Siguiendo a Lacan en “Función y campo de la palabra y del lenguaje en psicoanálisis”, el lenguaje define por sí mismo la subjetividad y no puede producirse sino por la interrelación con el otro (10). En este espacio de la subjetividad es donde la experiencia del psicoanálisis ha permitido formalizar la distinción de cuatro lugares estructurales según la composición del “Esquema L” propuesto por el mismo Lacan en “El yo en la teoría de Freud y en la técnica psicoanalítica” (11). Precisamente, la formalización de estos cuatro lugares (según el psicoanálisis esos cuatro lugares están presentes en todas las situaciones comunicativas, independientemente del número de participantes en el intercambio comunicativo), junto a la ficción del dispositivo (mediante la cual el sujeto podrá hacer la experiencia de su verdad subjetiva) y la modalidad de discurso, permiten al psicoanalista un trabajo riguroso como conductor de grupos (12).
La función imaginaria del yo y el discurso del inconsciente
En este esquema se puede observar que hay que tener presentes los lugares que ocupa el decir del sujeto que habla. Durante la práctica del psicodrama, en un primer momento, el decir del traductor tiende a ubicarse en i(a), y actúa, por lo tanto, el yo consciente cuando expone al resto del grupo su solución.
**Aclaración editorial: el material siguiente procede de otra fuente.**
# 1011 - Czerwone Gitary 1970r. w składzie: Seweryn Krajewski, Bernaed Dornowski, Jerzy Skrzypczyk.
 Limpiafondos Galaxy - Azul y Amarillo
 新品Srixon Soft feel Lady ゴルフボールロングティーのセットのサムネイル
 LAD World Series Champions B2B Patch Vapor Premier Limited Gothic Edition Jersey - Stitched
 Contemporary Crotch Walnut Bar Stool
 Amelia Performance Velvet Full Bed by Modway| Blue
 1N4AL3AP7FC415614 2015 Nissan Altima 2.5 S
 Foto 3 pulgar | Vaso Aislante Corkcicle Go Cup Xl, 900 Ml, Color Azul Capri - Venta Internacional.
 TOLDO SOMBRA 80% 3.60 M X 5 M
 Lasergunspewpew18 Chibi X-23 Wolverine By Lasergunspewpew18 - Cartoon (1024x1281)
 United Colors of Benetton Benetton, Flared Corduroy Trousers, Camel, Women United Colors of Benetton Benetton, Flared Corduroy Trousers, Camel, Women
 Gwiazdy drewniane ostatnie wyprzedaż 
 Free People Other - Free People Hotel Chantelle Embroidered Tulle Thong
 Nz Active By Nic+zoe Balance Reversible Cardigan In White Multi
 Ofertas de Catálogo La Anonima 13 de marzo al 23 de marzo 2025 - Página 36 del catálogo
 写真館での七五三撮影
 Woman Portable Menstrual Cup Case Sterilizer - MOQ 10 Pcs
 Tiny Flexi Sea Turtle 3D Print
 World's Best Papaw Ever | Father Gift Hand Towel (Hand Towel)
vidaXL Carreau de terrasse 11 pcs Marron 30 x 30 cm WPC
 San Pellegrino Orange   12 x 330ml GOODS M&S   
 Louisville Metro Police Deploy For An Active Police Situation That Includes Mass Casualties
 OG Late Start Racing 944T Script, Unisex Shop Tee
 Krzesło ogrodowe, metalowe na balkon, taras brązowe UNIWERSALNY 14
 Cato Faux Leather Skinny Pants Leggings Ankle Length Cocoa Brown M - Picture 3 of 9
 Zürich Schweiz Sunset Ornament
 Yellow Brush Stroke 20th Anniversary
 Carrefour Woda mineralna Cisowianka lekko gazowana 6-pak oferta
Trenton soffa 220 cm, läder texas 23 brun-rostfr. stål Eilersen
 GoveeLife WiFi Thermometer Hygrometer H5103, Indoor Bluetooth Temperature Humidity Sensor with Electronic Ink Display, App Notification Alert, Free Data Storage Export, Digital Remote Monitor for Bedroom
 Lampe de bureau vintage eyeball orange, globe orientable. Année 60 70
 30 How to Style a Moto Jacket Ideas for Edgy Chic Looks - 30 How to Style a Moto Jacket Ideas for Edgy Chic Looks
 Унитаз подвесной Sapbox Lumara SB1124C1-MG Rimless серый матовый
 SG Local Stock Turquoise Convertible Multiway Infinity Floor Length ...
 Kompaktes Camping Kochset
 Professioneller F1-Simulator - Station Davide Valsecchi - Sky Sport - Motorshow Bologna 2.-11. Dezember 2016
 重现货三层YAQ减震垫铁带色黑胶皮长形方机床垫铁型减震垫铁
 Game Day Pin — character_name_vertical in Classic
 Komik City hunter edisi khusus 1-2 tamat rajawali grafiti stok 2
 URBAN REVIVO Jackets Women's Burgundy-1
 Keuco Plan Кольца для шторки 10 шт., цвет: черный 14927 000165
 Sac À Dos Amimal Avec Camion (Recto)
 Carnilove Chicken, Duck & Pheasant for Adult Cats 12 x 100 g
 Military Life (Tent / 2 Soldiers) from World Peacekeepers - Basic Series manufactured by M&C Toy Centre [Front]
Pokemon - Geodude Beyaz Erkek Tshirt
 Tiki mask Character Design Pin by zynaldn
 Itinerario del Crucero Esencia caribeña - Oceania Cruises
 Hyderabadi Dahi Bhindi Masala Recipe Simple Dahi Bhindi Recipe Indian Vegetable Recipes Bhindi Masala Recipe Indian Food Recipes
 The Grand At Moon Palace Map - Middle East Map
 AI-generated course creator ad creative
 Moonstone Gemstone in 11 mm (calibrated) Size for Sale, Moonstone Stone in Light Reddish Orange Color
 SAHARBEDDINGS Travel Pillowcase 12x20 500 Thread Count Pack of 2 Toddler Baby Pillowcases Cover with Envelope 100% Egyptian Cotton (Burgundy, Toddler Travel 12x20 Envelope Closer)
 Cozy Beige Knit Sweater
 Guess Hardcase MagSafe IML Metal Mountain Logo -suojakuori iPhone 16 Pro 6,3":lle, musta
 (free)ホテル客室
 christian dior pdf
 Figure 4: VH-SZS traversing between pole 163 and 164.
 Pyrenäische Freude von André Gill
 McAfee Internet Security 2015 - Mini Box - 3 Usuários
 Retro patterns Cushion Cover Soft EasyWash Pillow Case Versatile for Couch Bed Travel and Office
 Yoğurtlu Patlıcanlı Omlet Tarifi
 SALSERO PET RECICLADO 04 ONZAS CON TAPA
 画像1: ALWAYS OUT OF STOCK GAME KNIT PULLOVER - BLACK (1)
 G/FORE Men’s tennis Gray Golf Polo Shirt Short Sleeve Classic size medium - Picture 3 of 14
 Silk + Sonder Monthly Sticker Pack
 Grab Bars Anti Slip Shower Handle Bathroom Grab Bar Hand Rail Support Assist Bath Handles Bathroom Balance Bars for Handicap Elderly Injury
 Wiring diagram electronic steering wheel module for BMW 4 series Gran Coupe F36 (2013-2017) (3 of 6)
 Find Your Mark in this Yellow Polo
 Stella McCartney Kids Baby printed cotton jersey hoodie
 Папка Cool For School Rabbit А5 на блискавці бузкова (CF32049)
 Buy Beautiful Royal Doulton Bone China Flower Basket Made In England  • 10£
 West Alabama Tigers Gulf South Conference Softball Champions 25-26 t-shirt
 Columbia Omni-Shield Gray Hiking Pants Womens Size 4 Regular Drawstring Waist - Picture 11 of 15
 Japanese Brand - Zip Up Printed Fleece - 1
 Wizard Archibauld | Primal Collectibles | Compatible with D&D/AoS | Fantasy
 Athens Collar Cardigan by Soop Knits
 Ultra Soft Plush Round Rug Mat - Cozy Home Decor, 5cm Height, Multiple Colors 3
Todos los otros miembros del grupo están en i(a)’. El objetivo del trabajo es que se pueda producir una apertura al inconsciente mediante las asociaciones del grupo, los cortes al eje imaginario por parte del conductor, la intervención del analista y los recursos del psicodrama. En este segundo momento, el decir del traductor ocupa entonces el lugar $ y se dirige a su partenaire ubicado en A tachado. La experiencia de establecer un diálogo en este eje particular permite atravesar el miedo a perder el sentido “consciente” en el acto traductor para llegar a saber algo más de su propio deseo. Con esta recuperación de saber se puede establecer entonces un vector de trabajo que le permitiría al traductor guiarse con algo más de luz en su acto traductor y, quizás, saber algo más del deseo del autor al escribir su obra.
Bibliografía
[1] Esta reducción a elementos simples es lo que hacen algunos programas de traducción automática. Al principio se basaban en esta premisa, pero actualmente los combinan con memorias de traducción; es decir, “refritos” de traducciones ya realizadas que el programa rescata y que el traductor humano simplemente debe revisar y validar.